Saturday before Oshkosh, we loaded up our Albuquerque-based friend, his golf clubs, luggage and other kit, topped the tanks and continued the journey. The flight plan predicted 3+53 enroute from Albuquerque to Lincoln. It assumed standard day temperatures and predictable winds. In reality, the heavily loaded Bonanza took almost 25 minutes to climb from Albuquerque-Double Eagle’s 5,837 ft elevation to our 11,500 ft cruising altitude in 20 degree warmer than standard day conditions.
The density altitude sapped the engine’s performance in cruise. We bumped along 10 knots below book cruise speed through the thermals in the upper Rio Grande valley and over the mesa north of Las Vegas, passing over the northwest corner of Oklahoma. This was desolate country, with a few ranches and windmills. Gradually, the terrain elevation dropped, temperatures cooled and the bumps gave way to smooth air, much to the pleasure of the three of us. Speed picked up in the cooler air and winds became more favorable.
Just as we comfortably settled in for the last half of the ride to Lincoln, another line of thunderstorms started to build ahead. Using XM radio weather, we watched some cells build to more than 40,000 ft on the cockpit display. The National Weather Service issued a convective SIGMET bulletin, but we also could the cells moving away from our flight path toward the east southeast.
After a quick top off in Lincoln, we headed directly to RIPON, a VFR waypoint that feeds arriving traffic into Oshkosh, about three hours away. Clouds thickened below us and several thunderstorms approached Oshkosh from the west. We found a nice opening in the under-cast south of Madison and pressed on toward RIPON, carefully monitoring the movement of the weather 100 nm away using the satellite link.
Abeam Madison, we knew we the last of the big cells would just pass through five to ten minutes before we arrived. The storms were massively powerful, but we could watch them move off to the east at safe distance over Lake Winnebago. We followed the railroad tracks ten miles from RIPON northeast to FISKE and awaited instructions. To cut radio frequency congestion, FAA’s AirVenture bulletin asks pilots not to use their transmitters. All instructions are acknowledged with a wing rock unless the controller asks for a verbal response.
“Welcome to Oshkosh,” a cheerful FAA controller broadcast from a remote site near FISKE. “White and blue Bonanza, rock your wings,” the controller said. We did.

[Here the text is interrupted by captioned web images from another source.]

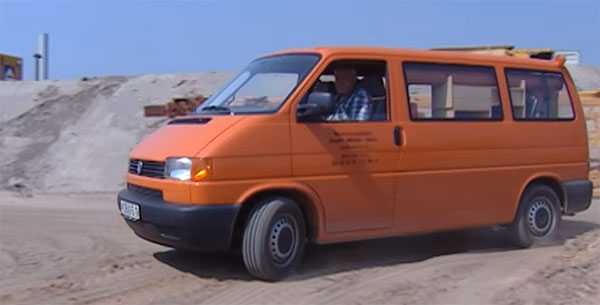 Volkswagen transporter т2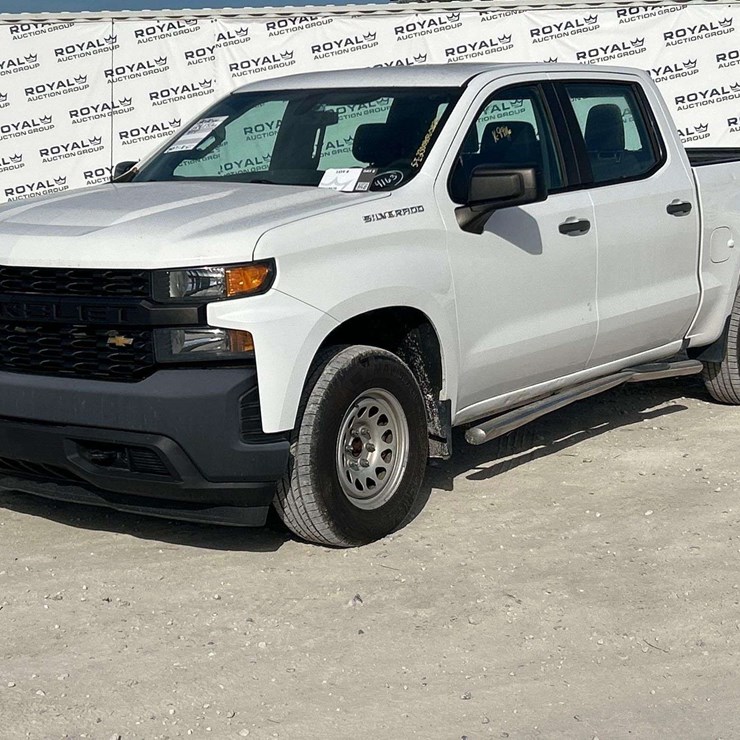 2020 CHEVROLET SILVERADO 1500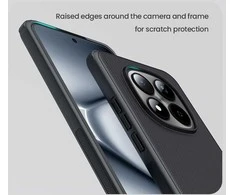 Nillkin Super Frosted PRO Back dėklas skirtas Xiaomi Redmi Note 15 Pro+ 5G Juodas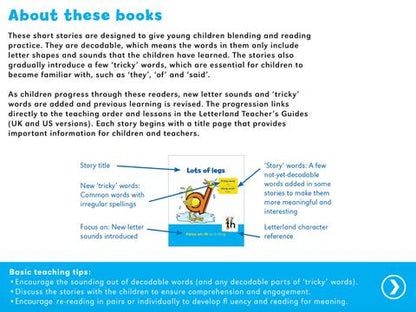 Phonics Readers Set 2 App [Classic]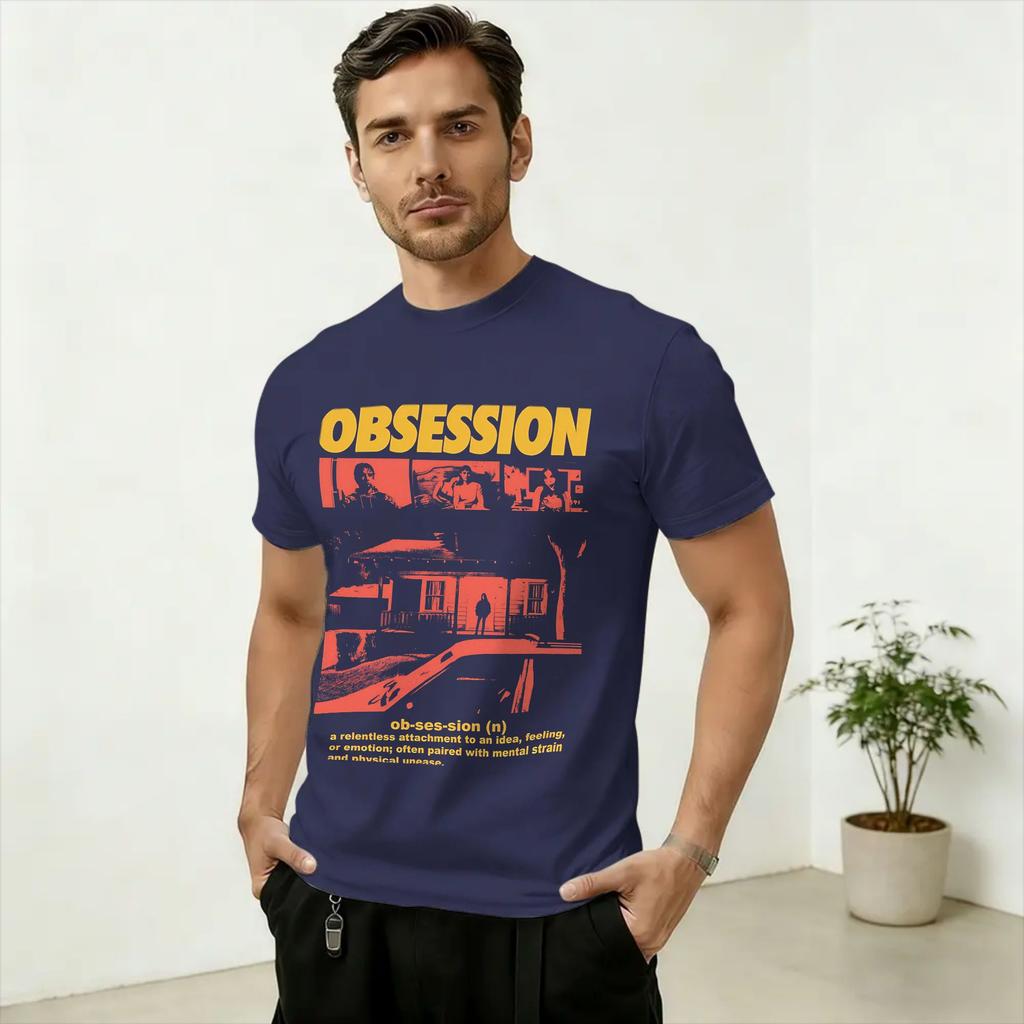Unisexs TShirt Obsession 2026 Movie Awesome Pure Cotton Tee Shirt Short Sleeve T Shirts Round Collar Tops Gift Idea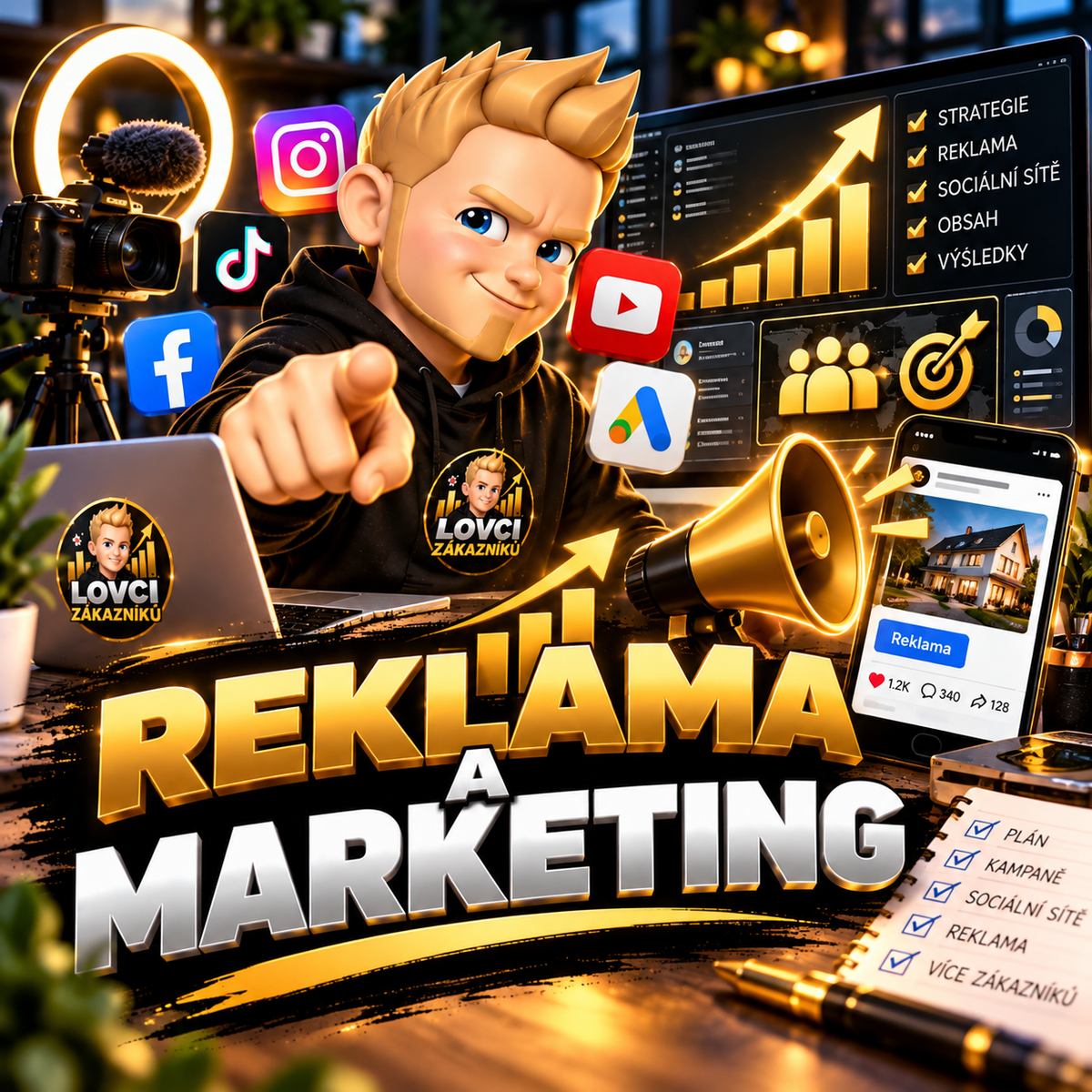 Reklama a Marketing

“Turn right and follow Fisk Road to the airport and switch to tower on 126.6,” she said. Moments later we could see Oshkosh-Wittman Regional Airport a grassy Mecca already filling with hundreds of little airplanes arriving from all over the US, Canada and Mexico, some even from Europe and beyond.

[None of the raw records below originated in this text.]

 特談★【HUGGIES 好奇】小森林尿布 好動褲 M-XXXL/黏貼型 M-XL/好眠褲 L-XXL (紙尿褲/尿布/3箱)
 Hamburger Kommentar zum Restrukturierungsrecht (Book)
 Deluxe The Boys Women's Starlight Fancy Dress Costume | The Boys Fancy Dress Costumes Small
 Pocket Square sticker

We touched down on Runway 36L and taxied to parking. Soon we would be meeting aviation enthusiasts from all over the planet, speaking dozens of different languages, all sharing in common their passion for flying. Like so many others, the three of us were grinning in anticipation of the week ahead during which we’d get close up looks at Virgin Galactic’s White Knight II mother ship, the mammoth Airbus A380, historic warbirds and perfectly restored vintage airplanes.
Planes, people, passion and participation. That’s been the spirit of Oshkosh for decades and it’s only going to get stronger in the future.